For some years now, primarily relating to Iraq/Afghanistan cases there has been lots of litigation by media and congress. The current move to save the SEALs by congress is just the most recent example of seeking to influence a court-martial case. The “litigation” has been both for and against the military member. We all remember the issue of Congressman Murtha calling for prosecution of a Marine for alleged misconduct. Whether such litigation is good for the system and the UCMJ is a different question. In this day and age of millisecond journalism and sound-bites here are a couple of thoughts and a caution. LawProf blog has posted:
Laurie L. Levenson (Loyola Law School Los Angeles) has posted Prosecutorial Soundbites: When Do They Cross the Line? (Georgia Law Review, Forthcoming) on SSRN. Here is the abstract:
Even good prosecutors can cross the line with media soundbites. Especially in high-profile cases, prosecutors must assess if their pretrial remarks about a case meet their ethical obligations. In Gentile v.

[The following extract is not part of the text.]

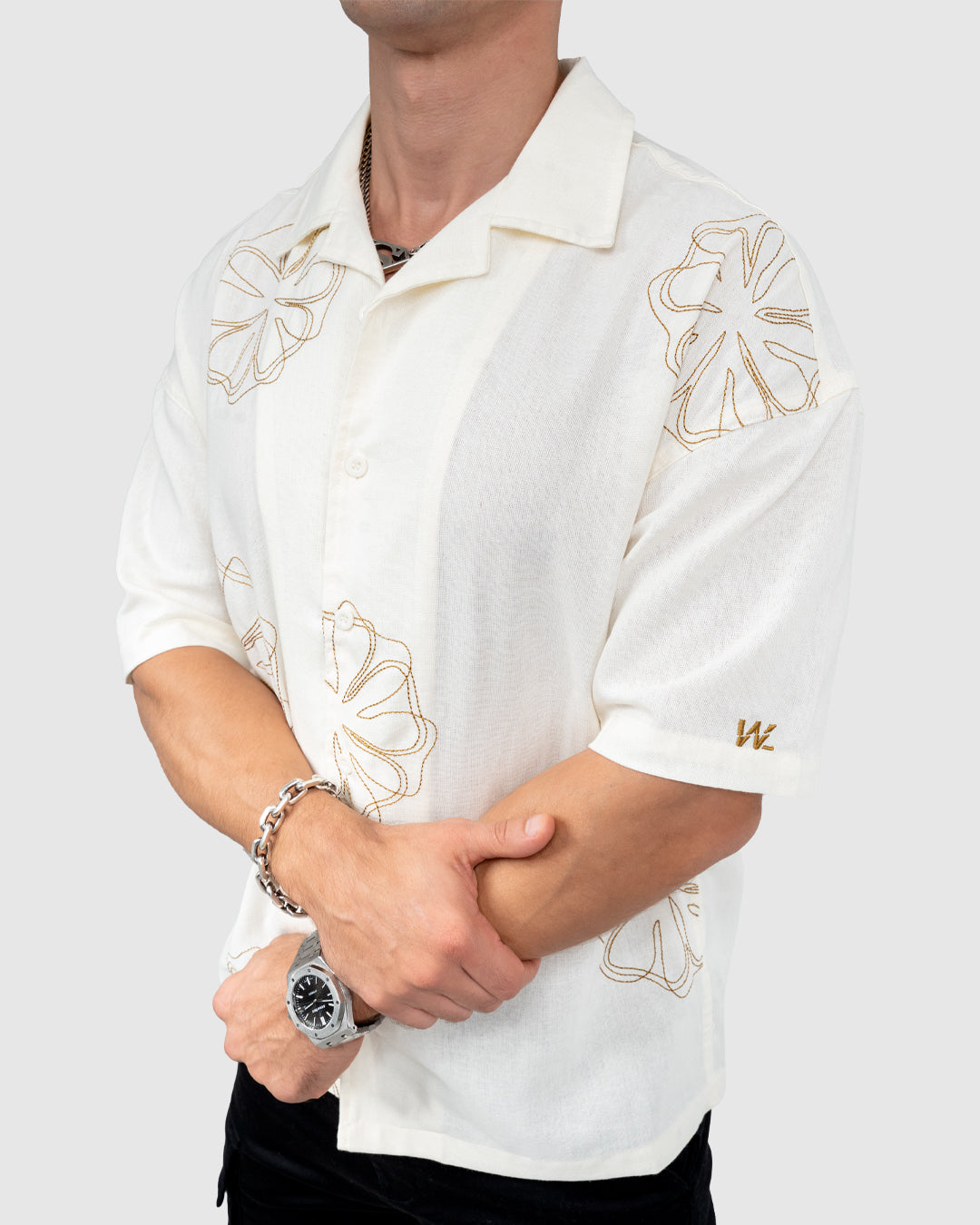 Men’s Cream Cuban Collar Shirt with Embroidered Floral Design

Nevada State Bar, 501 U.S. 1030 (1991), the United States Supreme Court held that while lawyers have the First Amendment right to make comments to the press, they do not have the right to make comments that have a “substantial likelihood of materially prejudicing an adjudicative proceeding.” Although ethical codes have adopted this broad standard, many have failed to identify more specifically when a prosecutor’s remarks pose a substantial likelihood of having such a prejudicial effect. Using 28 C.F.R. § 50.2 as a guide, this article seeks to identify those “hot-button” areas.